The expected output is the line bearing "Pure Brass Moxibustion" followed by all remaining lines of the records, each restated word for word.

(Items listed in a dataset)
==============================

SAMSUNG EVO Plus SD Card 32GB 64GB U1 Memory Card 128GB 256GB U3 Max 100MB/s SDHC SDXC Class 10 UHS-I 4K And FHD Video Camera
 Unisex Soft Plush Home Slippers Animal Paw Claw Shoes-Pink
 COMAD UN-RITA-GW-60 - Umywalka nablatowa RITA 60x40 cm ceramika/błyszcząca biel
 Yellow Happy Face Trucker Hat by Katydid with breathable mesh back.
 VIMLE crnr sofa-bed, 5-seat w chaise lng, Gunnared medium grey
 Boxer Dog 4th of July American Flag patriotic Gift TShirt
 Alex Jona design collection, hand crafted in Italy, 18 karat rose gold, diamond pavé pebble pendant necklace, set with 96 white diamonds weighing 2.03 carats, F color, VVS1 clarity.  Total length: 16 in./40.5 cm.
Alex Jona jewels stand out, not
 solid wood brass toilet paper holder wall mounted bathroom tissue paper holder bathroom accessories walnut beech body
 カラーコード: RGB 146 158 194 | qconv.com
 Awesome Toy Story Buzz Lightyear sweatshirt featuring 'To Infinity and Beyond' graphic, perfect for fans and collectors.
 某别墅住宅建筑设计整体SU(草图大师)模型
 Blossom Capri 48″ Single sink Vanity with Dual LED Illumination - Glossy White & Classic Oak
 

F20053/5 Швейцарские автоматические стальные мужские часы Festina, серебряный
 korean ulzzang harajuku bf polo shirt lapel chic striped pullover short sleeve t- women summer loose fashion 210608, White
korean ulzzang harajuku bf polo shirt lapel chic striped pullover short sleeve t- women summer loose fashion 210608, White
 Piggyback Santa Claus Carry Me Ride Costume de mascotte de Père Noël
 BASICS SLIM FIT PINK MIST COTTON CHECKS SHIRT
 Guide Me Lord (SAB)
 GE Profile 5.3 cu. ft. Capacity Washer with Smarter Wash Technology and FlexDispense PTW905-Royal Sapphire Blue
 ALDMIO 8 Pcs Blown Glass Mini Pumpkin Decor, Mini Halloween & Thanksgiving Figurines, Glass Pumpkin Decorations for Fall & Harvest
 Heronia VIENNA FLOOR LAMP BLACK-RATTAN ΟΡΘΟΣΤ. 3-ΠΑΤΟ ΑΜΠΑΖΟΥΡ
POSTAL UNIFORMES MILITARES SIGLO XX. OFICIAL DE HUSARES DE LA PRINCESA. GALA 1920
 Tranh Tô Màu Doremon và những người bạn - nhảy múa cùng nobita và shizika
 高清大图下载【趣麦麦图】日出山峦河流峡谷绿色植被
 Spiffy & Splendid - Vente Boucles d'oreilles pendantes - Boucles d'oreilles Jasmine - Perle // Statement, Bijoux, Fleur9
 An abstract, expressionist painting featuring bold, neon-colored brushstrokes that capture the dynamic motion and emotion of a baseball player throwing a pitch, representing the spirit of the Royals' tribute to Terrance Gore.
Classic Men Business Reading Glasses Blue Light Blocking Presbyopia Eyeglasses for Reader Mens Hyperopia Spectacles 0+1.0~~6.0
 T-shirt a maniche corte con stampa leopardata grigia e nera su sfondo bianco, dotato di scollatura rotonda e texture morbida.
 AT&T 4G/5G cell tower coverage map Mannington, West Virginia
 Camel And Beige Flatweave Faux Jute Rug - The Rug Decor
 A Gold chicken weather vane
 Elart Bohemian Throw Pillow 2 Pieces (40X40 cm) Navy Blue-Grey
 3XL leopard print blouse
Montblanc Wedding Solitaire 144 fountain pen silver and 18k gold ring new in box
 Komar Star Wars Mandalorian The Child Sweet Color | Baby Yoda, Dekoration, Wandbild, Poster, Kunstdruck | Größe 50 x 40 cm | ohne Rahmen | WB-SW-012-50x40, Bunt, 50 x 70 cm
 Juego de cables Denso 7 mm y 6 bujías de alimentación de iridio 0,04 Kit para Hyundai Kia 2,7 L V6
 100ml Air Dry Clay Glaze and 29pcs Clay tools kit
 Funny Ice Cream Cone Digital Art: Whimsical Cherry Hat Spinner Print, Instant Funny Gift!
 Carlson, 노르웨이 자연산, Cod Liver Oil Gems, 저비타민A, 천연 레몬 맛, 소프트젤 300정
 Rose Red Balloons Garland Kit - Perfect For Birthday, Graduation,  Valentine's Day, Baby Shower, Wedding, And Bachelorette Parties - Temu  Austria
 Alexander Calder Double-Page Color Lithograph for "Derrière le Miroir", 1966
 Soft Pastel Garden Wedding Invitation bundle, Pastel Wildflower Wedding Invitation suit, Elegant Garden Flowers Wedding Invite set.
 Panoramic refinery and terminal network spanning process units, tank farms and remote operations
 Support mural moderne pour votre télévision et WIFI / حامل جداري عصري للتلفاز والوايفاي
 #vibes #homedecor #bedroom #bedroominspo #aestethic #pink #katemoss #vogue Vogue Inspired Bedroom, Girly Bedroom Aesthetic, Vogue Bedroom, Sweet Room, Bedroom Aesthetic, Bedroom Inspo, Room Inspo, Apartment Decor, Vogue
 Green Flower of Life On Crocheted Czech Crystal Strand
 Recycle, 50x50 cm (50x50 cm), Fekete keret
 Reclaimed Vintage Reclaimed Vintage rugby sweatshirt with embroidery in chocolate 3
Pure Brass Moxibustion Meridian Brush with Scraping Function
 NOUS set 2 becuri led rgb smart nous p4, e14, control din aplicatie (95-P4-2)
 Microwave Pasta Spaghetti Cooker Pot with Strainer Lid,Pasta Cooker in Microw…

==============================

→ **YOUR SOLUTION**:
Pure Brass Moxibustion Meridian Brush with Scraping Function
 NOUS set 2 becuri led rgb smart nous p4, e14, control din aplicatie (95-P4-2)
 Microwave Pasta Spaghetti Cooker Pot with Strainer Lid,Pasta Cooker in Microw…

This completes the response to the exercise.